→ EXERCISE DETAILS: The answer must consist of every line from the data that holds "female".
● ● ● ●
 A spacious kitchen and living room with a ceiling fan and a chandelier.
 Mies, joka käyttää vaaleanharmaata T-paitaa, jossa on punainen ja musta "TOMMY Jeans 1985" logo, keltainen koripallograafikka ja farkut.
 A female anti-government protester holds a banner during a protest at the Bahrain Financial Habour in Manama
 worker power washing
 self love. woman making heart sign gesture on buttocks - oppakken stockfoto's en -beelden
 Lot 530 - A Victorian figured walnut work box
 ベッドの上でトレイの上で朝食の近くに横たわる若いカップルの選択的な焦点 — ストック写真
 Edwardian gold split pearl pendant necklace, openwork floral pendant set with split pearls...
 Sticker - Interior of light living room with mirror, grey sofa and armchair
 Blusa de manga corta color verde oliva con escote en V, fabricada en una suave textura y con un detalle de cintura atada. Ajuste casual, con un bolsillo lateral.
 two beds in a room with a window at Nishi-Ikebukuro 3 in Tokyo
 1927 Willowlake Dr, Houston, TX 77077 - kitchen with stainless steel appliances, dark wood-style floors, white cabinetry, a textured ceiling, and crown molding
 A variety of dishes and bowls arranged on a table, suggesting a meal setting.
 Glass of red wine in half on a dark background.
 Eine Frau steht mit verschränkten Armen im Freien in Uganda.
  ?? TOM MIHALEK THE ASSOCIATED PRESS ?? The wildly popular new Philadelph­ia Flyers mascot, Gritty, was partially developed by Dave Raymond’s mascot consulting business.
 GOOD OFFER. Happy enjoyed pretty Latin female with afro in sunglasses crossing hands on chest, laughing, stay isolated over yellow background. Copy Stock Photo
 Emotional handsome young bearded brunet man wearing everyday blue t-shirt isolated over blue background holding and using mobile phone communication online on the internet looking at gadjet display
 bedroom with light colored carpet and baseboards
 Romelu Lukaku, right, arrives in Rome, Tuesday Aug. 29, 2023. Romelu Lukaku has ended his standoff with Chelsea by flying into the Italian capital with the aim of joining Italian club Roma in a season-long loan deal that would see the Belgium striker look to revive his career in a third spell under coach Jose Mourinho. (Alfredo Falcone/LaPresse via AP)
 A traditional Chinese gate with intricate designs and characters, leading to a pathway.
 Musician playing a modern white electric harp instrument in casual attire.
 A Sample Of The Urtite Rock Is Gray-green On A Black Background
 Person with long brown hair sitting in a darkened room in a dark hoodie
● ● ● ●
→ TASK RESPONSE:
 A female anti-government protester holds a banner during a protest at the Bahrain Financial Habour in Manama
 GOOD OFFER. Happy enjoyed pretty Latin female with afro in sunglasses crossing hands on chest, laughing, stay isolated over yellow background. Copy Stock Photo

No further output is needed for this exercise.